Oct 31
aside
Want $50,000?
homework
discuss ; make sure Bayse Thm is clear.
where we are
Talking about Machine Learning
- general ides, but not every math detail in the text
- two particular examples to focus on
I've asked you to read
- chap 13, on probability and Bayes Theorem
- chap 18, on the basic notions of Machine Learning
- agent algorithm
- decision trees
- regression analysis
- neural networks
- chap 20, on probabilistic learning
- Naive Bayes models
- ... and lots more complicated versions
The text goes into much more detail of the math
and variations on models than we will.
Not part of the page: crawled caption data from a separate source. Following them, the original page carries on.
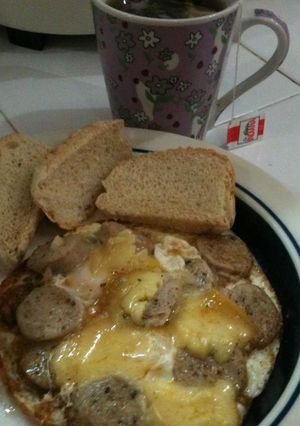 Una foto de Huevos fritos montados. Rico desayuno!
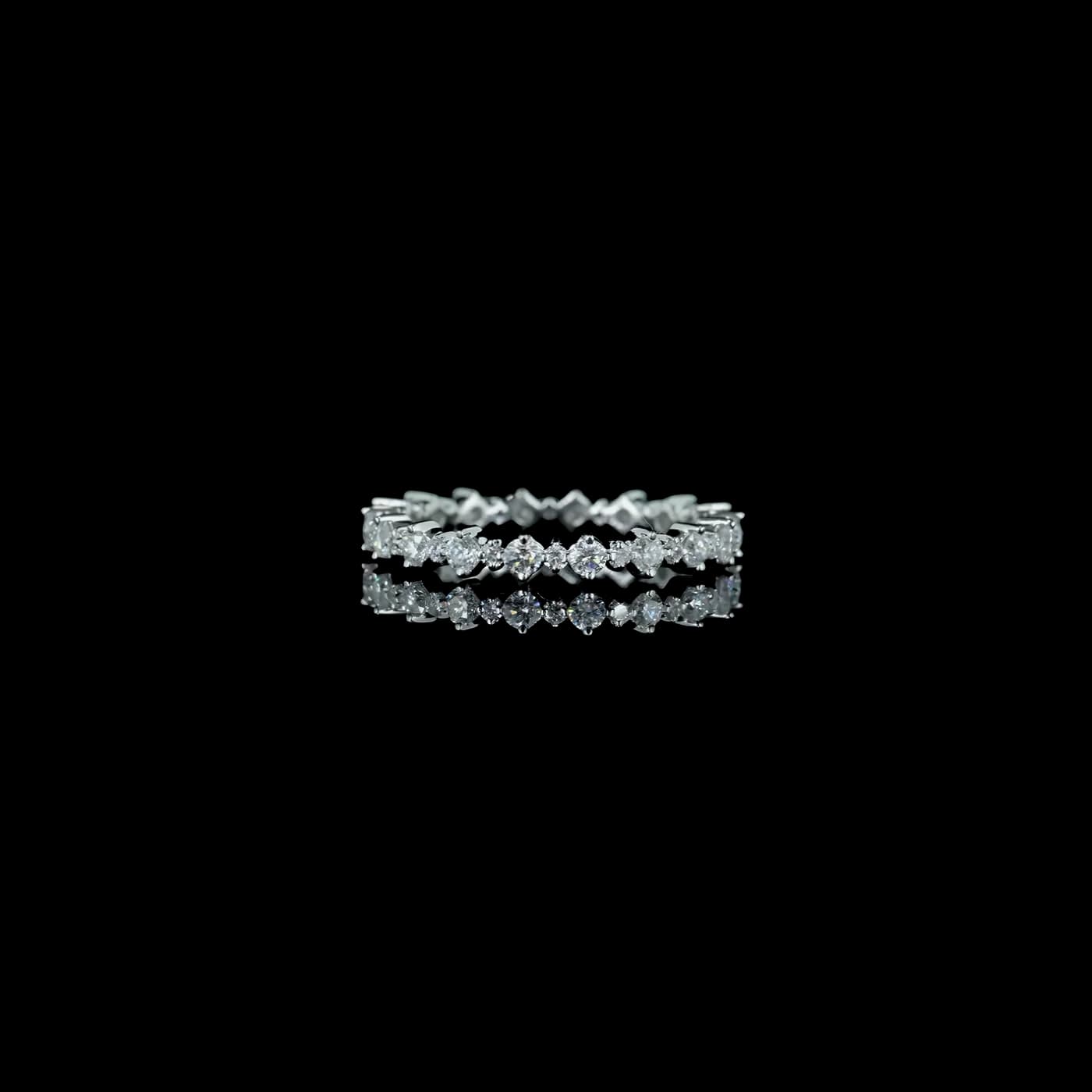 Bague entièrement pavée de diamants de laboratoire taille ronde (D87)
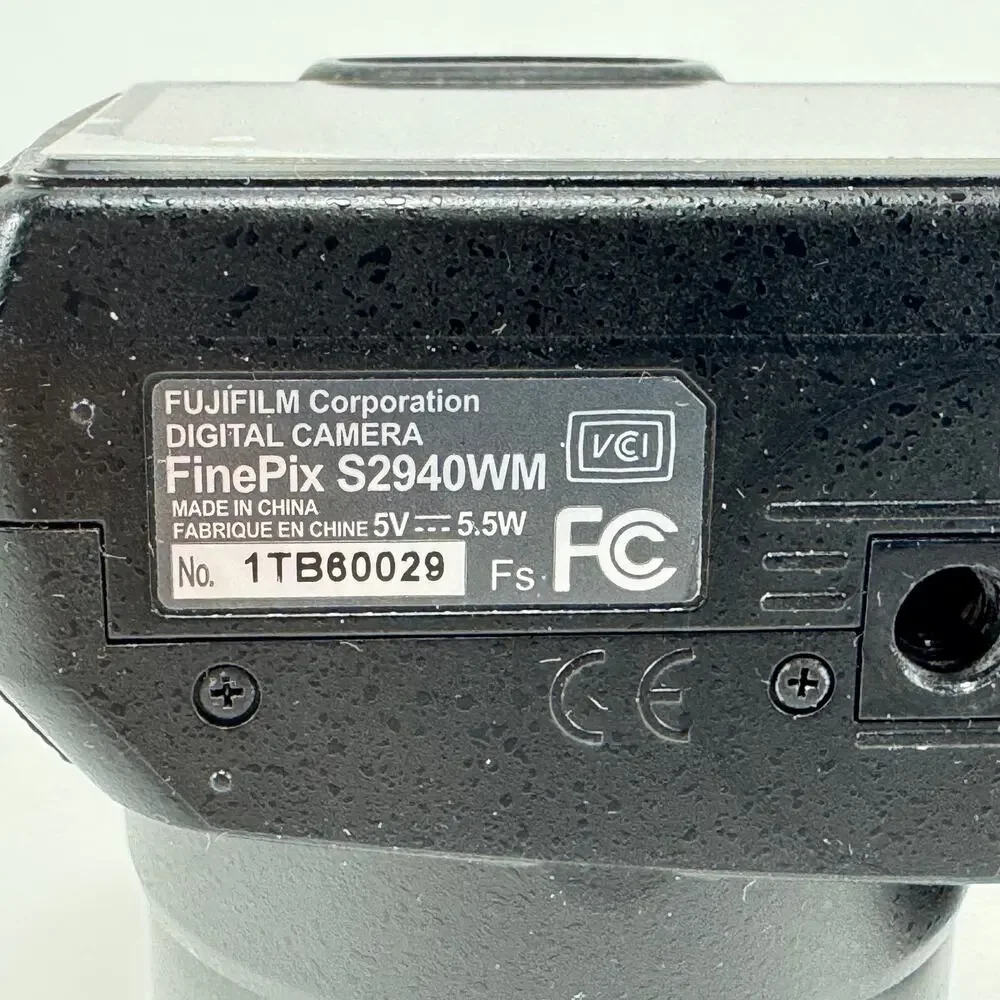 Fujifilm FinePix S2940WM Black 14MP Digital Camera 18X Optical Lens Tested Works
Focus
on the two examples, and use sources outside
the text to get the gist as needed.
We're going to do Naive Bayes first, moving on to neural nets soon.
So: hit the books and resources.
spam classification
This is the archetypal Baysian learning system.
Walk through the algorithm with my email example.
(Though I haven't uploaded my raw data, for
privacy reasons.)
Other resources :
Walk through NLP-NaiveBayes.pdf .
Look at my code (perl; sorry; old code) from
my email, and discuss how the gist of it works.
I have not uploaded the 1/2 Gig of my email and spam messages
for privacy and space reasons, though I may show the format
of these files and folders in class.
I also have a
bayes.lisp example that may
(or may not be helpful.)
Your assignment for next week - start and we can discuss Thu:
- find and/or invent some text documents to classify
- ... or get the numbers from the UCI spambase if that seems like too much work
- write some lisp or python code to implement this algorithm.
- remember that counting is done with hashes or dictionaries